- Directed by: John Landis
- Produced by: Robert Engelman John Landis Mike Richardson Larry Rickles
- Cinematography: Tom Clancey
- Edited by: Mark L. Levine
- Distributed by: Dark Horse Entertainment Home Box Office
- Release date: October 13, 2007 (New York Film Festival);
- Running time: 89 minutes
- Country: United States
- Language: English
- Budget: $500,000 (estimated)

= Mr. Warmth: The Don Rickles Project =

Mr. Warmth: The Don Rickles Project is a 2007 documentary film about stand-up comedian Don Rickles, which was first screened at the 2007 New York Film Festival and then shown on HBO.

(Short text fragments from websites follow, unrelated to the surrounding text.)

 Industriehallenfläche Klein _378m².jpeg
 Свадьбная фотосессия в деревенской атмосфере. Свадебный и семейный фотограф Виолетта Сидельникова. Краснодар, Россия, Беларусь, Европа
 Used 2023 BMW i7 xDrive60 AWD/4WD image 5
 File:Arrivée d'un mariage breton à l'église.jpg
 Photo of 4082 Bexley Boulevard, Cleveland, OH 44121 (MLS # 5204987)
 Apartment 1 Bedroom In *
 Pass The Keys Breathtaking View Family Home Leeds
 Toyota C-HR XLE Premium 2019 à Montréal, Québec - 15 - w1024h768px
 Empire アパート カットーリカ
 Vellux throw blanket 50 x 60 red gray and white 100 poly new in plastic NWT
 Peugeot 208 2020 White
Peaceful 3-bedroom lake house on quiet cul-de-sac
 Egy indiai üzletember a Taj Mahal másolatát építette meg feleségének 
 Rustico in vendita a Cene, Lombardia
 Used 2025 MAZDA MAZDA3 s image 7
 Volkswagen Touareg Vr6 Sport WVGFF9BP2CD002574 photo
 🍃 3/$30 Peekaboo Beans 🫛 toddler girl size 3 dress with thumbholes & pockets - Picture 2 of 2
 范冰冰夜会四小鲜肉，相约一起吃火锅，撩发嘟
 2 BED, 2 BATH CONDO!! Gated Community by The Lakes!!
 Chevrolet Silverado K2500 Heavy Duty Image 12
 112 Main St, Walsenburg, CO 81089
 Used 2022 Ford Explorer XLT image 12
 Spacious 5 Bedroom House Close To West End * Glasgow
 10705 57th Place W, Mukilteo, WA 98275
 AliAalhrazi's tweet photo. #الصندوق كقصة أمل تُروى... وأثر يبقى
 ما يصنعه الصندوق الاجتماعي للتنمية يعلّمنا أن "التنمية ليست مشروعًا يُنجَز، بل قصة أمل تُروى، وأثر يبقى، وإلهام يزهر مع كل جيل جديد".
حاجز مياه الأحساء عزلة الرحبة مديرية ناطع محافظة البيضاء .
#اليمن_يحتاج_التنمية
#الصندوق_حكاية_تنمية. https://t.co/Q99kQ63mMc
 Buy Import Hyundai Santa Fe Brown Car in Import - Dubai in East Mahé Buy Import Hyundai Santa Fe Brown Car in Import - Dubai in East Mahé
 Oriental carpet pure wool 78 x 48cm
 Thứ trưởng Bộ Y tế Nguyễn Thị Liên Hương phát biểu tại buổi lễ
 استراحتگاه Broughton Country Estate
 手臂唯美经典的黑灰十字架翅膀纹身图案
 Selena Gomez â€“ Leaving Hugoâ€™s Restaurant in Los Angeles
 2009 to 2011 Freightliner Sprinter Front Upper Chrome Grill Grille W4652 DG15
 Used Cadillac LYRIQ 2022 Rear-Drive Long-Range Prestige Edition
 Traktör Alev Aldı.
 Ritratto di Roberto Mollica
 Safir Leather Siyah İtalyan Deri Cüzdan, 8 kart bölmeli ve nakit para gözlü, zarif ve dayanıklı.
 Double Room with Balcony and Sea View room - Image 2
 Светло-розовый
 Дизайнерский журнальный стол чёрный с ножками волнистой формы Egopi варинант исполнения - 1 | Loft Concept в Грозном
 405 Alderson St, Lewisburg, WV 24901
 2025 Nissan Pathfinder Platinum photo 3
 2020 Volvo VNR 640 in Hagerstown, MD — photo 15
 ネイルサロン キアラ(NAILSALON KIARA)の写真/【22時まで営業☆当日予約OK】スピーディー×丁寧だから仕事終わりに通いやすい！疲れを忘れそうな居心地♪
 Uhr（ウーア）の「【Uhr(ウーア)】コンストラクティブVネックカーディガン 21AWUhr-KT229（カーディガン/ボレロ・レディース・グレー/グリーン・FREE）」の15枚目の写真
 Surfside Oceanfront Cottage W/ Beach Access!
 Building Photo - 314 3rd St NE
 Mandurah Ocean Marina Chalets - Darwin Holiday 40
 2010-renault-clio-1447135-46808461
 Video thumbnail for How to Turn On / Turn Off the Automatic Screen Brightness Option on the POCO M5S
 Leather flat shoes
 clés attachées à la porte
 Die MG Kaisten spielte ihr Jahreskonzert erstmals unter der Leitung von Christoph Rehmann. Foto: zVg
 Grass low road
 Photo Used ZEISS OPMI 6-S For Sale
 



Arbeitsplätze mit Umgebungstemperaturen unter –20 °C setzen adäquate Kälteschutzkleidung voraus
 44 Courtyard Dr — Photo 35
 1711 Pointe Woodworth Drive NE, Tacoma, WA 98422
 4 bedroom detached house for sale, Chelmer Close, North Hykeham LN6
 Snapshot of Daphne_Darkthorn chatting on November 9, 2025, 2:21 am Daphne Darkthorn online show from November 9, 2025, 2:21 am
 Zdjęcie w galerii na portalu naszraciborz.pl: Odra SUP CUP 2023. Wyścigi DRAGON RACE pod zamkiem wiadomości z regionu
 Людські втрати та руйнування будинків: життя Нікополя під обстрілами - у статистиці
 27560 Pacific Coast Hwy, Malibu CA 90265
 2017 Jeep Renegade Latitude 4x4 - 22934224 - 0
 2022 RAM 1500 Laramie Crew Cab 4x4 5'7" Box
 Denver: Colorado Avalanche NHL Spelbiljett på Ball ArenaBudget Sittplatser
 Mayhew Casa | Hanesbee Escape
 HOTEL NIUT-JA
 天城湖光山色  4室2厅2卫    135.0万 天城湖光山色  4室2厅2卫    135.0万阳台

The documentary and its producers – Robert Engelman, John Landis, Mike Richardson, and Larry Rickles – earned a Primetime Emmy for Outstanding Variety, Music, or Comedy Special in 2008. Don Rickles also won a Primetime Emmy Award for Individual Performance in a Variety or Music Program for his appearance in the documentary. The documentary was Sidney Poitier's final film released during his lifetime.

==Structure==
The film consists of performance clips from throughout Rickles' career interspersed with recent interviews with him. A show at the Stardust Casino in Las Vegas from 2006 is featured most prominently. The film also features some of Rickles' notable television and movie appearances, including his many appearances on The Tonight Show Starring Johnny Carson. There are also interviews from several stand up performers and celebrities who have encountered Rickles over the years.

==Interviewees==

- Dave Attell
- Roseanne Barr
- Ernest Borgnine
- James Caan
- Mario Cantone
- Jack Carter
- Roger Corman
- Billy Crystal
- Robert De Niro
- Clint Eastwood
- Whoopi Goldberg
- Kathy Griffin
- Christopher Guest
- Penn Jillette
- Jimmy Kimmel
- Larry King
- John Landis
- Peter Lassally
- John Lasseter
- Steve Lawrence
- Jay Leno
- Richard Lewis
- George Lopez
- Peggy March
- Ed McMahon
- Bob Newhart
- Regis Philbin
- Sidney Poitier
- Carl Reiner
- Debbie Reynolds
- Joan Rivers
- Chris Rock
- Bob Saget
- Martin Scorsese
- Harry Shearer
- Sarah Silverman
- Bobby Slayton
- Keely Smith
- Dick Smothers
- Tom Smothers
- John Stamos
- Harry Dean Stanton
- George Wallace
- Robin Williams

==Reception==
The film was generally well liked by critics. Much of the praise was directed at Rickles himself for being such an engaging personality. One critic compared Rickles and his sense of humor favorably to the racist comments of Michael Richards and the antisemitic statements of Mel Gibson writing: "While Rickles seems to mock ethnicity, body type, weight, age and all the other stuff that we're not supposed to make fun of, he's actually defusing all of those things. And once they're deflated by humor, they lose, at least for a moment, their potency. What becomes clear in Landis' film is that Rickles is really a softie, a guy who loves humanity and life. The guy they still call Mr. Warmth really is, and that's apparently the worst-kept secret in show business. When Richards lost it at the comedy club, he was spewing pure hate. Rickles wouldn't know hate if it bit him in the butt." Critics also noted how Landis seemed at least as interested in showcasing Rickles's humor as he did in Rickles' life.